[Scraped caption text data]

----------------------------------------

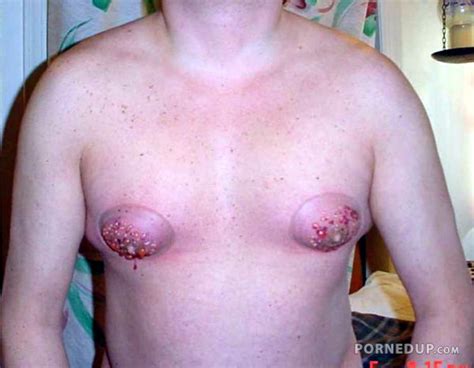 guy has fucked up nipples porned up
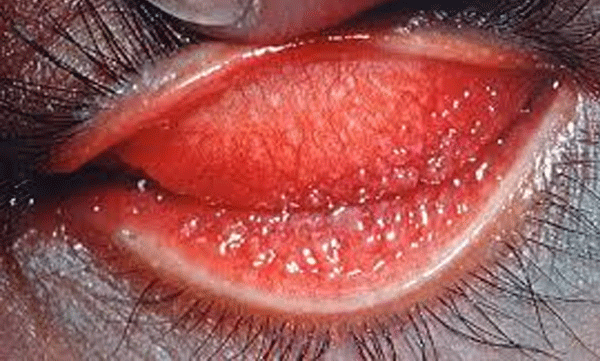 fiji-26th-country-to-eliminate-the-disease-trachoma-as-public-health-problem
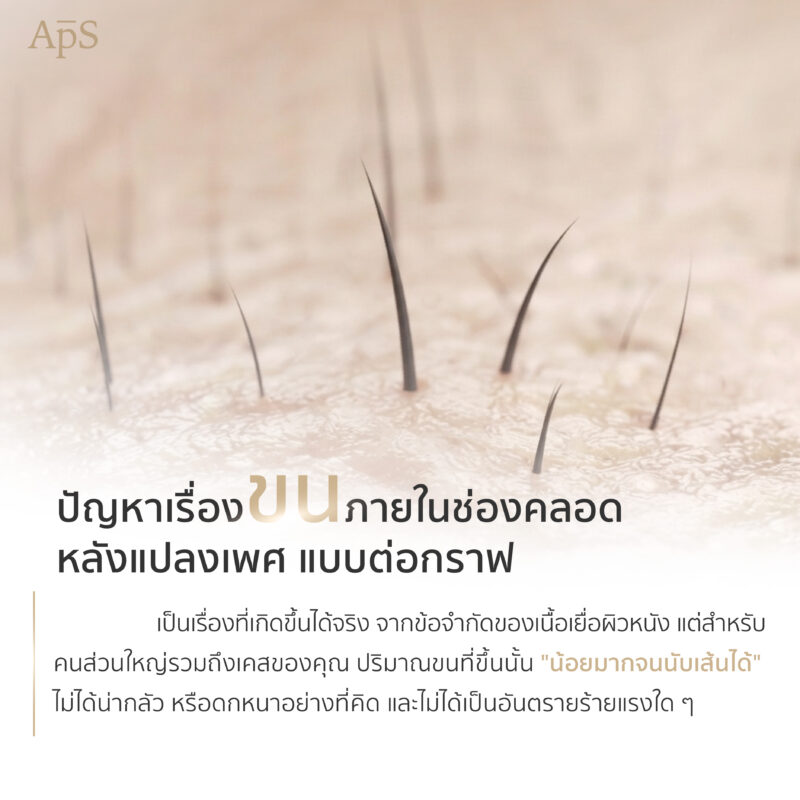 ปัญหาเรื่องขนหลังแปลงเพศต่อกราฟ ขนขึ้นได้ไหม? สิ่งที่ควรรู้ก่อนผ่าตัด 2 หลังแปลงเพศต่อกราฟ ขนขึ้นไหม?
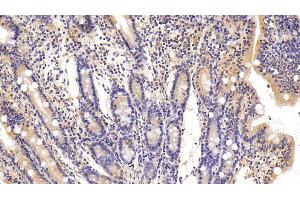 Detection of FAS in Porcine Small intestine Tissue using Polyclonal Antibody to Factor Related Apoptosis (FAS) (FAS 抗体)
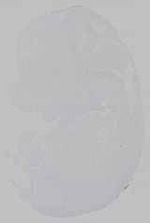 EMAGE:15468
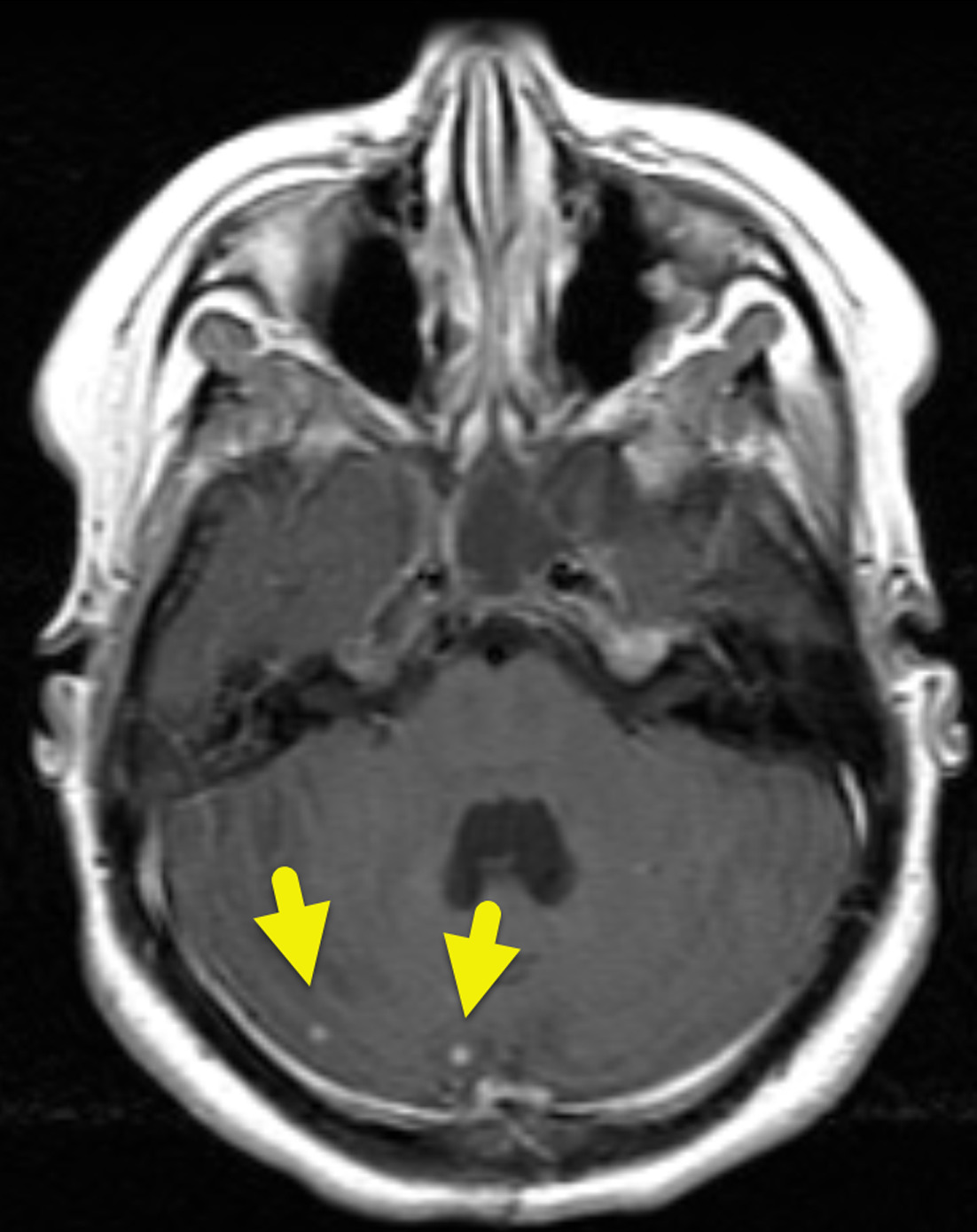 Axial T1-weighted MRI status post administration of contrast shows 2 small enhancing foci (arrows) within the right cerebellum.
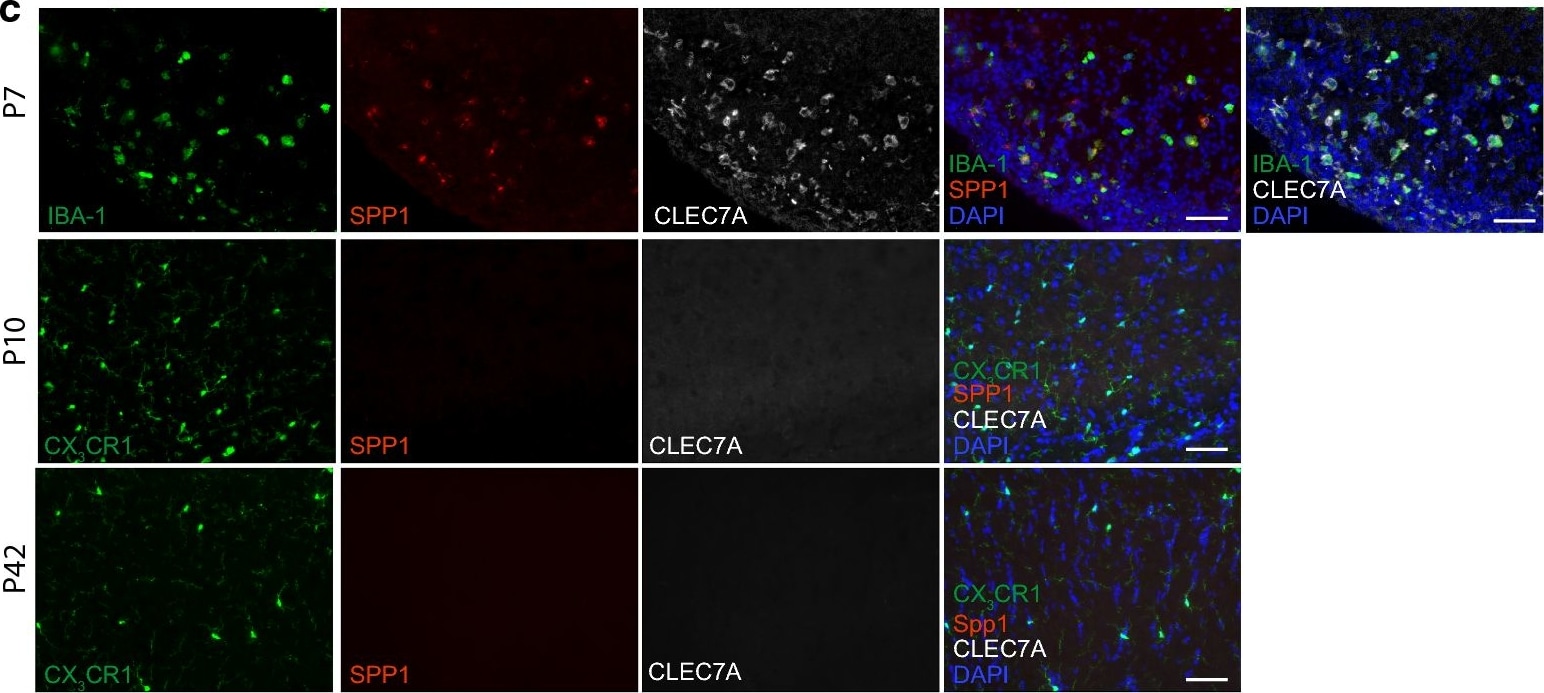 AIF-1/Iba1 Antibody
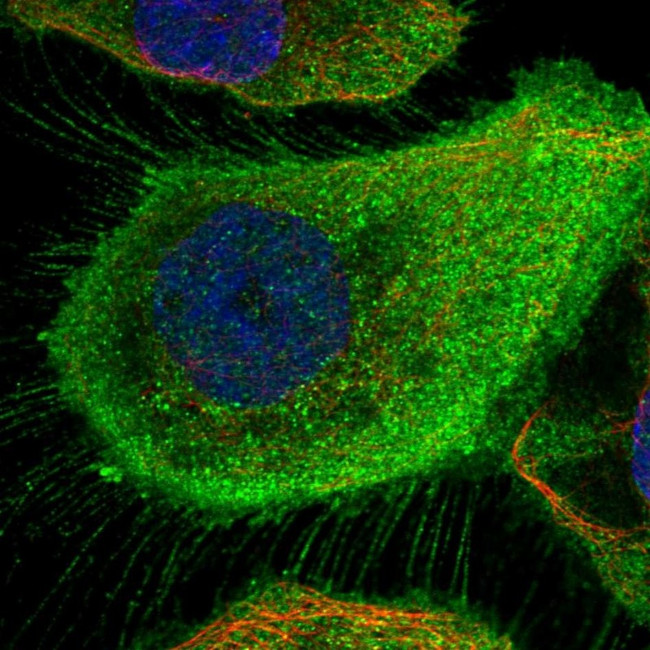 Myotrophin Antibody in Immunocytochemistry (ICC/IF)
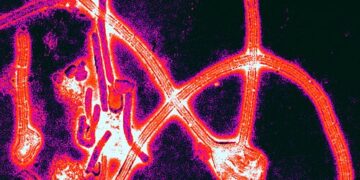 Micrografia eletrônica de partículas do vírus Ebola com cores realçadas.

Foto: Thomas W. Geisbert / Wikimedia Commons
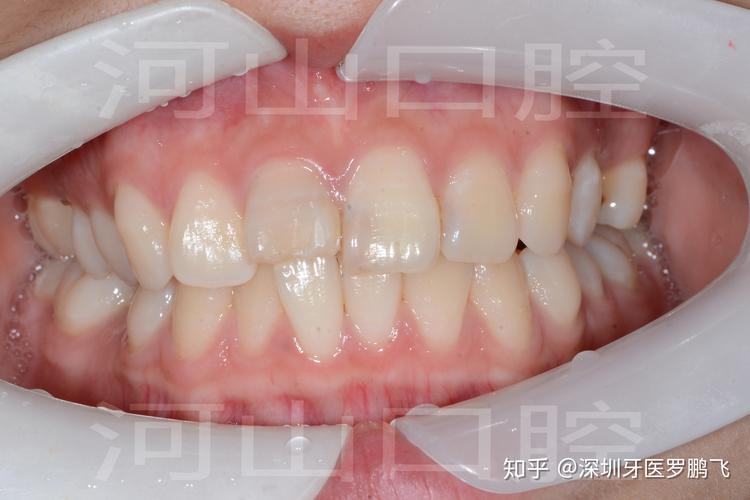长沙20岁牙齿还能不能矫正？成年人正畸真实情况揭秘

----------------------------------------

▸ **PROBLEM STATEMENT**: Exactly restate the lines from the one holding "Micrografia eletrônica de" to the final line of the records above, including both and excluding pictures.

▸ **RESPONSE BOX**:
 Micrografia eletrônica de partículas do vírus Ebola com cores realçadas.

Foto: Thomas W. Geisbert / Wikimedia Commons
长沙20岁牙齿还能不能矫正？成年人正畸真实情况揭秘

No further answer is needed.